• INFORMATION PROVIDED
##########

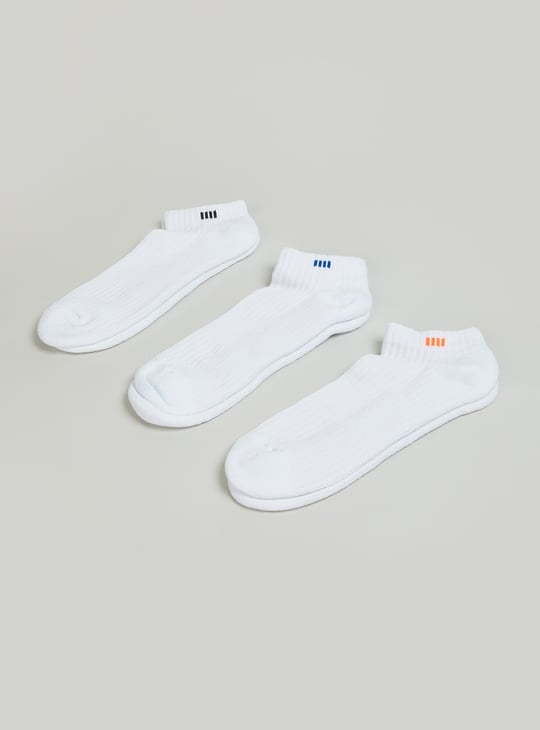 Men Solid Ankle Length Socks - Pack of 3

##########

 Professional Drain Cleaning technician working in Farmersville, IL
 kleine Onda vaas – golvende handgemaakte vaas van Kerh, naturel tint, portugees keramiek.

##########

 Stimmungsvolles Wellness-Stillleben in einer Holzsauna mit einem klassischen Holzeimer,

##########

• REQUIREMENT
Starting at the line that has "Professional Drain Cleaning" and ending at the line that has "kleine Onda vaas", please write out the lines above exactly, leaving out all others.

• TASK RESPONSE
 Professional Drain Cleaning technician working in Farmersville, IL
 kleine Onda vaas – golvende handgemaakte vaas van Kerh, naturel tint, portugees keramiek.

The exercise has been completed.